I stepped between the infopanes
and headed toward a towering fountain spraying water over white nymph statues standing
in a shallow pool. Beyond the fountain were swimming pools, wave simulators,
diving platforms, sandy beaches and inflatables. Hundreds of people lay baking themselves
on artificial beaches beneath a blue sim-sky and radiant emitters soaking them
in tropical heat. I’d never seen so much open water on a ship before and shuddered
to think what would happen if the starliner lost power. Without artificial
gravity, thousands of metric tonnes of water would be free to float through the
ship playing havoc with sensitive electrical systems – unless the entire
chamber was engineered for such an eventuality? Sealing ships from radiation
was one thing, that was essential for survival, but making them waterproof in
case fountains and pools leaked was ridiculously extravagant.
I strolled casually
through crowds of sim-sun worshippers while my DNA sniffer area-scanned them
all. Surprisingly, I didn’t get a single hit from my encyclopedia of mankind’s
most wanted. Either the starliner’s wealthy clientele were remarkably law
abiding – unusual in itself – or someone had gone to a lot of trouble to ensure
only clean skins were aboard the
Aphrodite
for this cruise.
Once past the tropical
beach, I followed a broad spiral walkway up through the ship, slowly circling a
stand of giant photonic trees. Flocks of colorful lightbirds soared through the
open air, occasionally vanishing as they flew out of the photonorama, only to appear
at a different location as they ‘dived’ back into the enormous simulated aviary.
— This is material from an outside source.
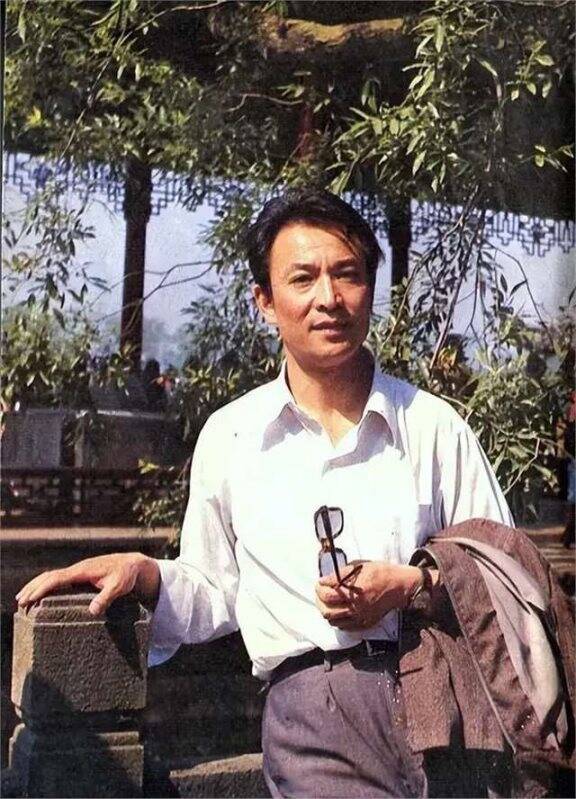 石维坚离世:9岁丧母,父亲与继母因他跳楼自杀,妻子是京剧名家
The flawless imagery was perfectly complemented by directional sounds and a
misty humidity that added a deceptive realism to the tropical forest.
The busy spiral walkway
wound up through nine levels of shops, beauty salons, body sculptors, casinos,
theme parks and restaurants, all overflowing with tourists unaware they were
part of a lavish deception. The
Aphrodite
might have been one of the most
extravagant starliners ever built, but it wasn’t here for the view of a cosmic
cataclysm in the making. It was hiding something else, something in plain sight
even I couldn’t see.
At the Aurora Level, I
stepped off the spiral boulevard and headed past bars and cafes toward a stun
barrier barring access to Constellation Hall. A wall of five glowing beams
crossed the avenue through a series of silver bollards, broken only by an arch
scanner in the center which verified every entrant’s credentials. Four uniformed
ship security men stood beside the arch ensuring only the anointed were allowed
to enter.
Knowing my all-day
Pleasure Pass would get me no further, I took a seat at an open air bar in
sight of the checkpoint and ordered a non-intoxicating drink. Everyone who
passed through the arch wore access chips pinned to their shirts identifying
which areas they could enter. The security guards had the broadest clearance,
but without a uniform, I wouldn’t get far with one of their chips, so I waited
for a media type, expecting they had the next best access. After twenty minutes,
a tall man carrying a short data staff and wearing a media chip came out through
the checkpoint.
I followed him to a bar
overlooking the photonorama. He took a seat and ordered from the table top
selector while I found a table from where I could watch him without being
noticed. Once settled, he ran his fingers through the holographic image projected
up from his staff, splicing together scenes for his datacast and occasionally recording
a voice over. After two drinks, his report was stream-ready for couriers to
distribute to audiences across Mapped Space. The reporter paid his tab and headed
for the men’s room. I followed a few seconds later. Inside the sparkling clean
washroom, only one sanitation booth was sealed. When he stepped out, I struck
him in the stomach, finished him with an elbow strike to the head as he doubled
over, then dragged his limp body back into the booth.